Open Sourcing our new Duckling
Wit relies both on machine learning and rules-based systems. One of these rule-based systems is Duckling, our open-sourced probabilistic parser to detect entities like dates and times, numbers, and durations. Due to our extensive growth, Duckling was not scaling as fast as we were. After considering several options, we decided to go with a rewrite in Haskell.
We were looking for a performant language with a strong support within Facebook. Two natural candidates emerged: C++ and Haskell.
A strength of Duckling is the simple domain-specific language (DSL) we provide to write rules. It allows us to get amazing open-source contributions in languages that we don’t speak. Haskell is notoriously one of the best choices out there to provide a type-safe DSL, whereas C++ would have required ninja coding skills (which we don’t have) to do the same without segfaults!
Haskell is highly scalable (it powers Facebook’s Sigma service, serving millions of requests per second) and offers type safety. Haskell is a purely functional and very expressive language. This makes it the perfect choice for Duckling!
Our main purpose in rewriting Duckling was scalability. We have been working a lot on improving the core engine algorithms as well as the time module internals, which is by far our most complex component. There is still plenty of room for improvement, but Duckling is more efficient than ever. As an example, Duckling is now used at scale internally by Facebook.
Due to Haskell’s strong type system, we had to get rid of our free-form Clojure maps. The end result is a more structured and readable codebase.
We have started housing language-agnostic rules under a common umbrella.

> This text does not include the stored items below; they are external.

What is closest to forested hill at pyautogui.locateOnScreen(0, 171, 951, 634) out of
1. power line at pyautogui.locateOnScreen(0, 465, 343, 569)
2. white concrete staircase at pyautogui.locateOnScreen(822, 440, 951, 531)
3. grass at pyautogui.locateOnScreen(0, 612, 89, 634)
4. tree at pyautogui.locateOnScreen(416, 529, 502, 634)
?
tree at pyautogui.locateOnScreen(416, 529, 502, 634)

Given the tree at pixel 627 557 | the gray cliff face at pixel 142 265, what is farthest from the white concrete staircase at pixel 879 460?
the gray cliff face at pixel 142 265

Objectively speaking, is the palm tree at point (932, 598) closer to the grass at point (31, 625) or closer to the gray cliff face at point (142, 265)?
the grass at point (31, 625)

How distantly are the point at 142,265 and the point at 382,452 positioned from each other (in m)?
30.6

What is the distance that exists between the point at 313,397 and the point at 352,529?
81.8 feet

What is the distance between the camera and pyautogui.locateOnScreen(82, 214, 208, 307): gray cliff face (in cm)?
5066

As a result, each new language gets a basic support for amounts of money, emails, phone numbers and URLs for free.
In order to get us up and running quickly on Haskell, we are deprecating the Clojure library today and we will commit those resources into making the Haskell version word class. The new Duckling is up-to-date with the latest Clojure code.
Because we want to make sure the transition is smooth, we are providing a standalone HTTP server to get Duckling results as JSON.
Since we’ve open-sourced Duckling two years ago, our Wit community has contributed in many languages and driven real world usage, enhancing Duckling’s capabilities. Thank you to all our contributors who help make Duckling more robust and polyglot for everyone!
Duckling is now available on GitHub.
You can start diving into the new codebase today. To give you a head start:
# Clone the repository
$ git clone https://github.com/facebook/duckling.git && cd duckling
# Install Stack
$ curl -sSL https://get.haskellstack.org/ | sh
# Compile and run the example
$ stack build && stack exec duckling-example-exe
# Run the tests
$ stack test
We are looking forward to see how you will use it, help extend the rulesets to make Duckling more robust, and teach it new languages.